Required work: Repeat each entry exactly; omit all pictures.

====== Dataset records

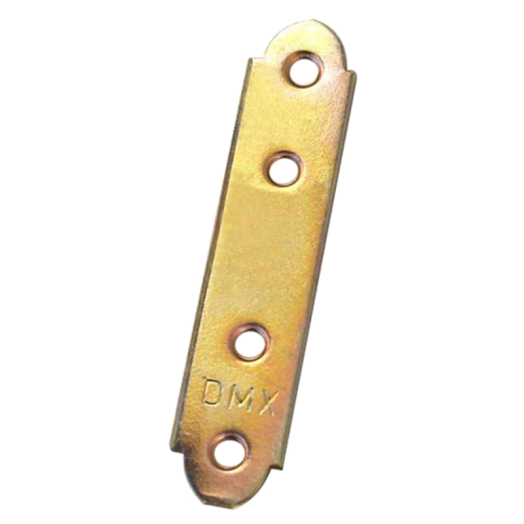 ÖSSZEKÖTŐ LEMEZ 148X18MM            LYUKÁTMÉRŐ: 2MM, HORGANYZOTT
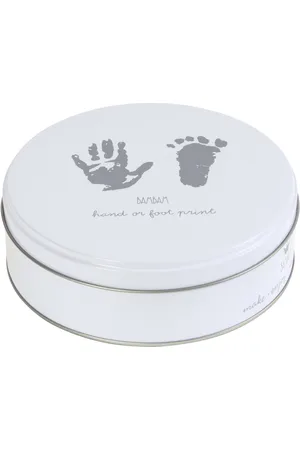 BAMBAM Gips Fod/Håndaftryk Baby & Maternity Care & Hygiene Baby Care White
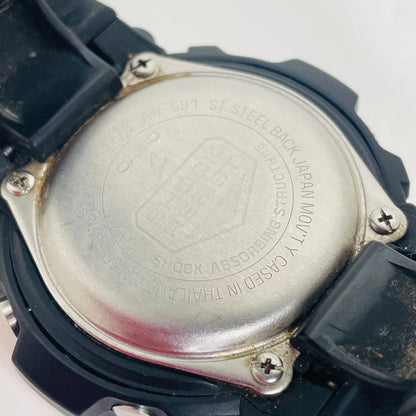 G-shock AW-591 Digital-Analog Quartz Men
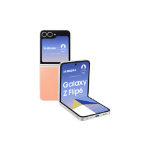 Samsung Galaxy Z Flip6 SM-F741B 17 cm (6.7") Dual SIM Android 14 5G USB Type-C 12 GB 256 GB 4000 mAh Peach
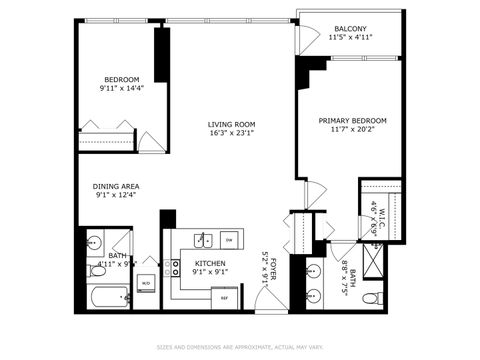 A home in Chicago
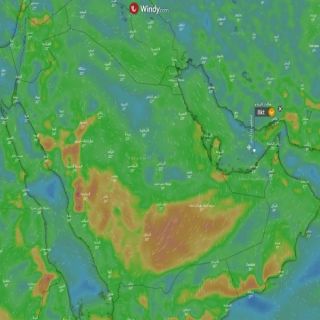 الحصين متوقع اليوم الأربعاء أمطار من خفيفية إلى متوسطة على هذه المناطق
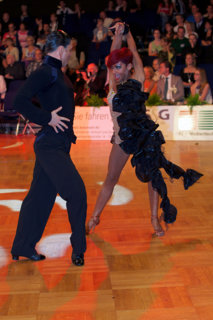 2012 WDSF PD Super Grand Prix Latin Stuttgart © Helmut Roland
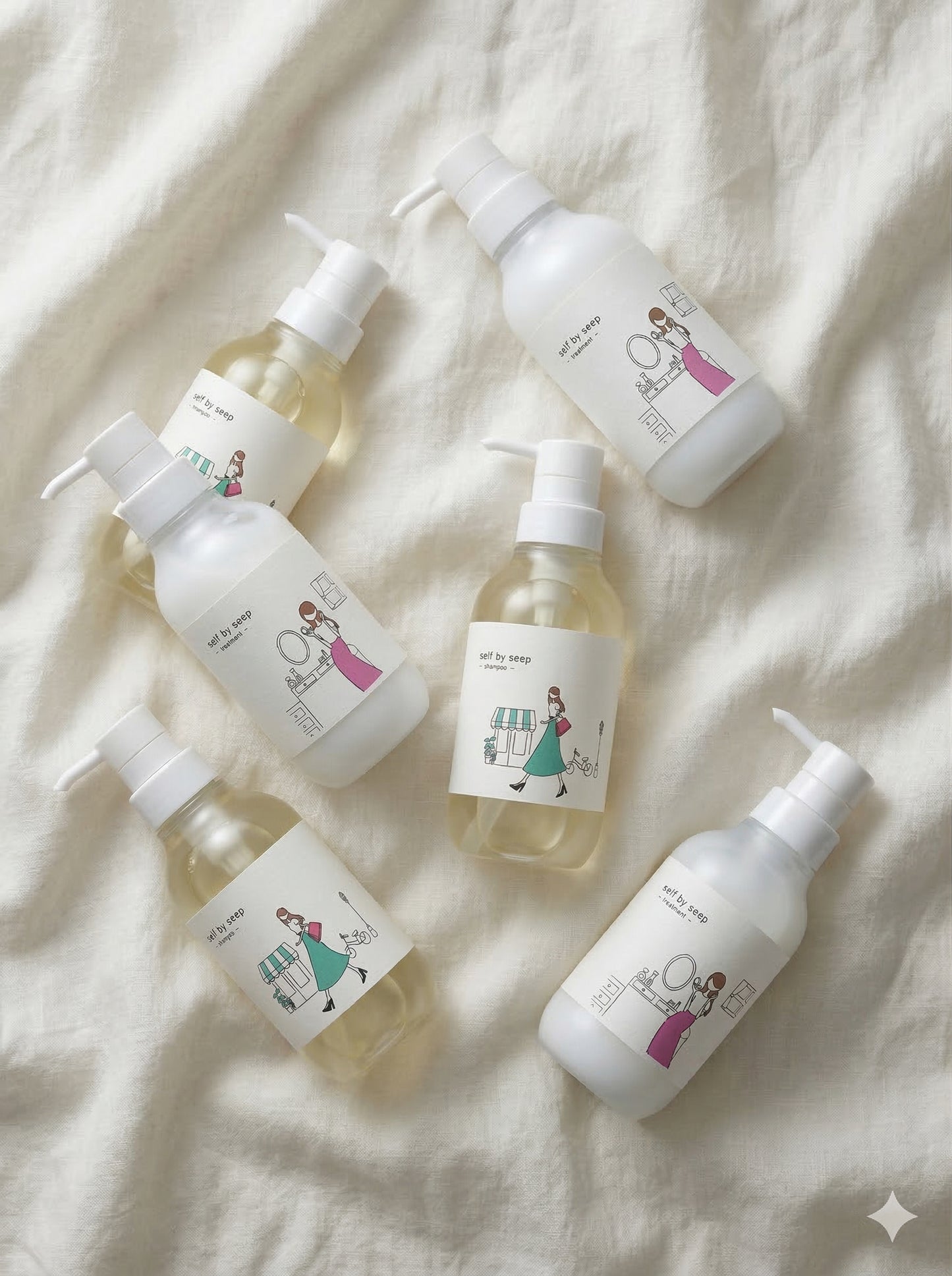 self シャンプー&トリートメント セット - 全商品ラインナップ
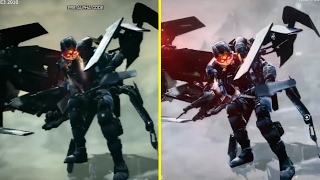 Killzone 3 E3 2010 Demo vs Retail PS3 Graphics Comparison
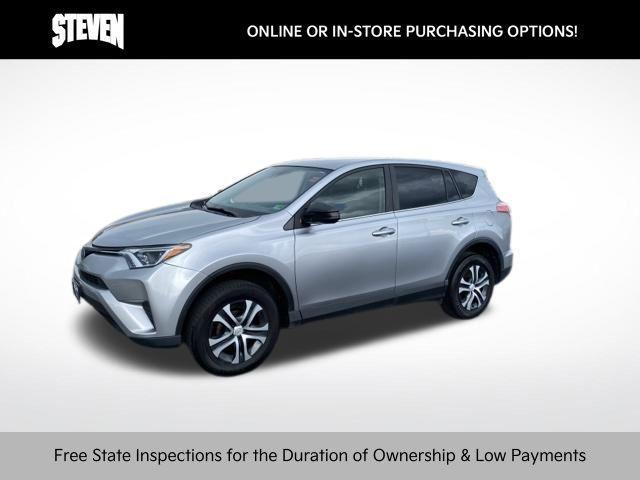 used 2018 Toyota RAV4 car, priced at $17,500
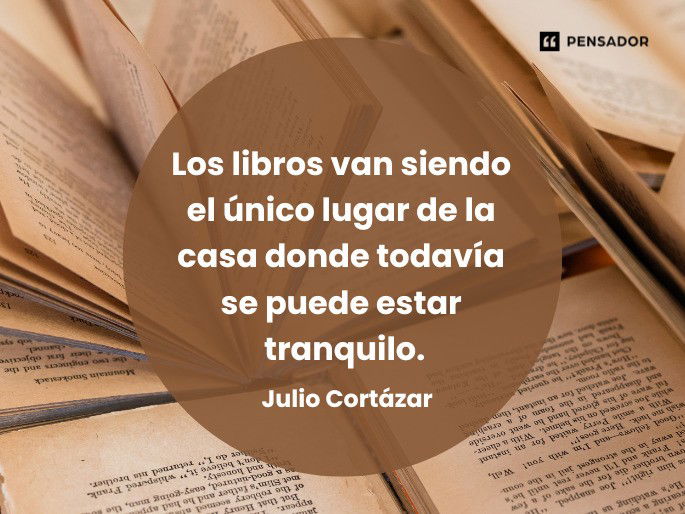 los libros van siendo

============

The completed task:
 ÖSSZEKÖTŐ LEMEZ 148X18MM            LYUKÁTMÉRŐ: 2MM, HORGANYZOTT
 BAMBAM Gips Fod/Håndaftryk Baby & Maternity Care & Hygiene Baby Care White
 G-shock AW-591 Digital-Analog Quartz Men
 Samsung Galaxy Z Flip6 SM-F741B 17 cm (6.7") Dual SIM Android 14 5G USB Type-C 12 GB 256 GB 4000 mAh Peach
 A home in Chicago
 الحصين متوقع اليوم الأربعاء أمطار من خفيفية إلى متوسطة على هذه المناطق
 2012 WDSF PD Super Grand Prix Latin Stuttgart © Helmut Roland
 self シャンプー&トリートメント セット - 全商品ラインナップ
 Killzone 3 E3 2010 Demo vs Retail PS3 Graphics Comparison
 used 2018 Toyota RAV4 car, priced at $17,500
 los libros van siendo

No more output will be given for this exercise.